_WHAT IS NEEDED_:
List all the lines in these records that hold "Residential".
╭──
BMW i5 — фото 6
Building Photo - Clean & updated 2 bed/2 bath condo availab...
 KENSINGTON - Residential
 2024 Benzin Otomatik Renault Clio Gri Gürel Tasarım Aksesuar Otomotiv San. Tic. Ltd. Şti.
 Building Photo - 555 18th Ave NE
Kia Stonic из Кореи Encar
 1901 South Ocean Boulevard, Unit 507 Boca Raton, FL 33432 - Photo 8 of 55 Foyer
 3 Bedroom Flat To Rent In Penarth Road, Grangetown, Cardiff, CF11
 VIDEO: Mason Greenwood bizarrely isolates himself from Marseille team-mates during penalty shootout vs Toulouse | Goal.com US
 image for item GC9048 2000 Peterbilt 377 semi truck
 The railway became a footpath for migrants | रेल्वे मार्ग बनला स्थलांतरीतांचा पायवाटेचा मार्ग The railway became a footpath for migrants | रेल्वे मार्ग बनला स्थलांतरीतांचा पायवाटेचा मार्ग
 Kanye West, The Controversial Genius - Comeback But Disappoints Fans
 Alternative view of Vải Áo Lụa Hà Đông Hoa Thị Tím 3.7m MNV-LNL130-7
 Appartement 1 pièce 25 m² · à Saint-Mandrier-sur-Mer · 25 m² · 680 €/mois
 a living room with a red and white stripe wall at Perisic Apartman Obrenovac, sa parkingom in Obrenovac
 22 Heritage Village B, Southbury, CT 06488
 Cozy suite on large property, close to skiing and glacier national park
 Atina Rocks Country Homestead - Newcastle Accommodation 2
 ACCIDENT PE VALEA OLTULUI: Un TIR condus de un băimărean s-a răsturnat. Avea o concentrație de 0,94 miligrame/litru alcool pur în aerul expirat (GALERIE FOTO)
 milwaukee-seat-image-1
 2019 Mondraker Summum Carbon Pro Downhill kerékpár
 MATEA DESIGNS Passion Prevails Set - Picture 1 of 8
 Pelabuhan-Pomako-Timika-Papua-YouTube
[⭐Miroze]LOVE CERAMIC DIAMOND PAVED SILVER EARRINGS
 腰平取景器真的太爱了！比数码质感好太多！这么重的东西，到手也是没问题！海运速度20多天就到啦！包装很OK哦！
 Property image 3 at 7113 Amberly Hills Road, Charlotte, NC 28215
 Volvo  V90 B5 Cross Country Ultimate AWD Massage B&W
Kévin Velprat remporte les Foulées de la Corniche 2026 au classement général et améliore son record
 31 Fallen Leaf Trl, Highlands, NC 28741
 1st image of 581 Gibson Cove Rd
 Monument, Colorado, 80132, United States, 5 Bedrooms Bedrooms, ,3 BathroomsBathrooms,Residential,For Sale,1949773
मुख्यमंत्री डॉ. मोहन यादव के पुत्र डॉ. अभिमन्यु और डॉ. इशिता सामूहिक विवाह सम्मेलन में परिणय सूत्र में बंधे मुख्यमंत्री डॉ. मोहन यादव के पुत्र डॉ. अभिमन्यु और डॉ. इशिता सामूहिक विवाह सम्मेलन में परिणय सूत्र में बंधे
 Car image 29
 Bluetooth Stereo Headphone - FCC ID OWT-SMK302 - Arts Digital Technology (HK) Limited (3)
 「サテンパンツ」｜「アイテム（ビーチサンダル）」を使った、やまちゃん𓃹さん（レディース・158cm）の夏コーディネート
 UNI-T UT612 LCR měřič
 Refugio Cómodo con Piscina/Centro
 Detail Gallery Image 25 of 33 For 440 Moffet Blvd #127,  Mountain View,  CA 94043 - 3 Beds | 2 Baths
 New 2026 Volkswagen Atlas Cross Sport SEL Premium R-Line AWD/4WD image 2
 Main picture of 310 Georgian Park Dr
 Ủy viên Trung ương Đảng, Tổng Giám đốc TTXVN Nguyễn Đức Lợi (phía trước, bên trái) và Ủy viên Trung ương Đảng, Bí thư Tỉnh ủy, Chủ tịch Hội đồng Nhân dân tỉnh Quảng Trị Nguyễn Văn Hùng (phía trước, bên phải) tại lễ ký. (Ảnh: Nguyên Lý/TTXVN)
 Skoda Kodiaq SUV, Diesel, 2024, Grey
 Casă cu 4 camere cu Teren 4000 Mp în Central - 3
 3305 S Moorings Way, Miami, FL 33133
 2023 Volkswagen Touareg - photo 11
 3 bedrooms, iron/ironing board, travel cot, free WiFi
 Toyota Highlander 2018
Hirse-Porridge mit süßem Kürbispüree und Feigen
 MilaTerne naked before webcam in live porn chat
╰──
_RESPONSE TO THE TASK_:
 KENSINGTON - Residential
 Monument, Colorado, 80132, United States, 5 Bedrooms Bedrooms, ,3 BathroomsBathrooms,Residential,For Sale,1949773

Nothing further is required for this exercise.